I mean, that’s all I’m capable of at the moment and I do really enjoy grilling myself about trivial matters while imagining who I would look in glamour shots. And as I get older and less supple, I find my chances of appearing in a tell-all Cosmo spread are becoming slimmer and slimmer. I think my only hope is to appear on a reality TV dating show, but I don’t have the rig for it. So this blog is really the only place where I can indulge my self–obsession and delusions of importance.

And if I’m going to so pathetic as to pretend to be in a glossy magazine interview,  it is fitting for me to do so while wearing a pesto-splashed pony jumper while half cut in bed.

So, if you’re still reading, please enjoy my answers to the questions I begged my friends for. Feel free to play along and answer the questions yourself; it’s such fun.

What’s your opinion on deep-fried vegetables? Look, there are many things that shouldn’t be deep-fried. Video cassettes and human hair feature on that list; vegetables do not. I’ve just spent a bit of time trying to work out what veggies shouldn’t be deep-fried and I’m drawing blanks. I mean, I don’t know who a deep-fried beetroot would turn out, but I would be open to putting one in my mouth.

You can only eat three foods for the rest of your life – what are they? This is tough, because I know that restricting your diet means depriving yourself of nutrients and minerals. I’m well aware that a balanced diet is necessary for a healthy, thriving bod.

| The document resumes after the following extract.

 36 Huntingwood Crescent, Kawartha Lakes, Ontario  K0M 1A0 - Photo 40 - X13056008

But, if I had a guarantee it wouldn’t give me scurvy or make me the size of a townhouse, I would say: hot chip sandwiches, steak and raw pie crust.

Of course, that selection is purely reflective of my yearnings today; it may be different tomorrow.

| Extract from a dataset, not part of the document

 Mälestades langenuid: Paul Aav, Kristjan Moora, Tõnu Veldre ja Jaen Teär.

What’s your opinion on re-wearing bras? A sniff-test policy is the most effective approach for this.

How do you feel about puppies in prams? Look, I may cop some abuse for this, but I don’t really see the need for pram puppies. The whole idea kind of makes me cringe. But, interestingly, I’m perfectly amenable to wheelbarrow puppies.

Perhaps this says more about my attitude towards motherhood than puppies.

Could you consume a 1kg long cream doughnut? Um. Yes. Obviously. I’m not a moron.

Pancakes or crepes and why? Another controversial opinion, but I’m going with crepes. I mean, I love banana oat pancakes, but the standard pancake is just not my mate.

Pancakes – and by this I mean the pikelet-like flour clouds that go around these days – are just too heavy for me. After one-and-a-half plain pancakes, I feel as though I may as well have sat in a darkened pantry feeding myself flour straight out of the bag in the same manner Winnie the Pooh eats honey.

Crepes aren’t just lighter, but they often come with a filling more substantial than maple-syrup-flavoured nectar. Crepes don’t try to hog the limelight like pancakes do – they let their fillings shine.

Best occasion to whip out a scented candle? Any occasion is the best occasion to whip out a scented candle.

Were you offered a promotion? Go home and light a scented candle. Didn’t get that raise? Go home and light a scented candle. Did a glob of your spit land on someone’s face while talking to them? Go home and light a scented candle. Did you buy a scented candle? Go home and light a scented candle.

How would you feel if all carrots got a carrot disease and your could never eat another carrot again? Sad. Deeply and all-consumingly sad.

What is the worst ice cream flavour imaginable? Two-day music festival knickers.

What are your darkest desires? To be mysterious enough to have dark desires.

What is your favourite drunk food? Nuggets.

Who do you want to be when you grow up? A modern-day Bonnie Hunt character. I feel like she always plays the perfect balance of wholesome and sass. I mean, she’d obviously need a few updates – such as a less 90s haircut and a more pronounced career – but the essence is there.

Are we already grown up? Um. That’s rude.

Is you being drunk on a Sunday night content enough for a column? Yeah, probs not.